The 2019 conference theme is “Biblical Fundamentalism: Pursuing Purity.” Here is what attendees can expect:
The emergence of Biblical Fundamentalism late in the 19th century was not the creation of something new in Christendom. It was the call to return to the Apostolic roots of Christianity and to resist the efforts of modern liberalism to redefine the message of the Bible. The Bible conferences that took place at Niagara-on-the-Lake in Ontario, Canada, beginning in 1876, recognized the theological drift that afflicted churches across the United States and Canada. Long before the appearance of the New Evangelicalism with its cultivation of dialogue with enemies of the faith and compromise of the faith’s core principles, the early Fundamentalists confronted the emissaries of German rationalism and their campaign against the cardinal doctrines of Christianity. They faced those enemies of the truth with resolve and summoned believers in Christ to take their stand for the separated witness of the Gospel.
Nearing the end of the second decade of the 21st century, Biblical Fundamentalism tends to be an expression of scorn and contempt among so-called conservative evangelicals who appear to desire the revival of the New Evangelicalism. The American Council of Christian Churches declines all association with such a desire. It takes its stand without apology for the faith once delivered to the saints. It bears the historic name of Biblical Fundamentalism as a badge of honor and an assertion that it will stand with Christ outside the camp of worldliness and compromise. For its 78th annual convention, to take place October 22-24 at Faith Chapel, Carlisle, Pennsylvania, the American Council of Christian Churches calls the people of God to a revival of their old resolve to stand in the evil day, and having done all, to stand.

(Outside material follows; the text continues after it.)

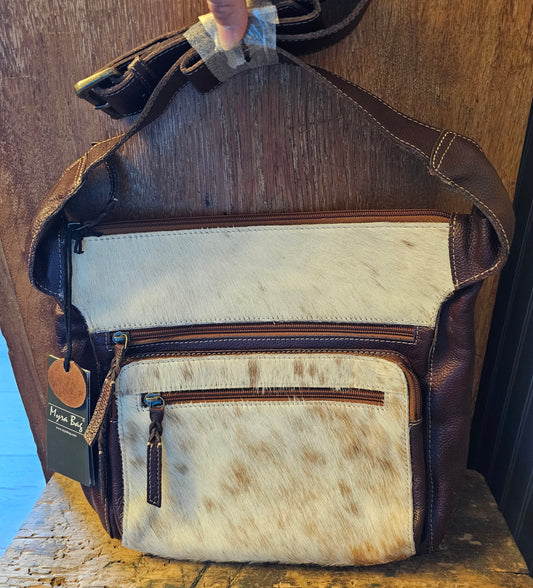 Star Brand Hand-Tooled Bag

The history of Biblical Fundamentalism is replete with courageous contenders for the truth whose example 21st century believers do well to emulate. The answers to the challenge of this time lie in the Holy Scriptures and in their revelation of the glory of Jesus Christ. To both the written and Incarnate Word, the faithful people of God owe all their allegiance and the devotion of their lives.
The titles of the plenary addresses tell us a lot about the organization. They include:
“The Battle Royal: Biblical Fundamentalism”
“God Would Raise Up New Generations of Fundamentalists”
“Knowing Our History: Biblical Fundamentalism’s Past”
“Has the Battle Ended? Biblical Fundamentalism’s Present and Future”
The conference also includes breakout sessions devoted to the legacies of McIntire, Bob Jones Jr. Gresham Machem, Robert T. Ketcham, Bob Jones Sr, Ian Paisley, and William Bell Riley.
Yes, it appears the American Council of Churches is alive and well. There are still groups out their who gladly embrace the label “fundamentalist.”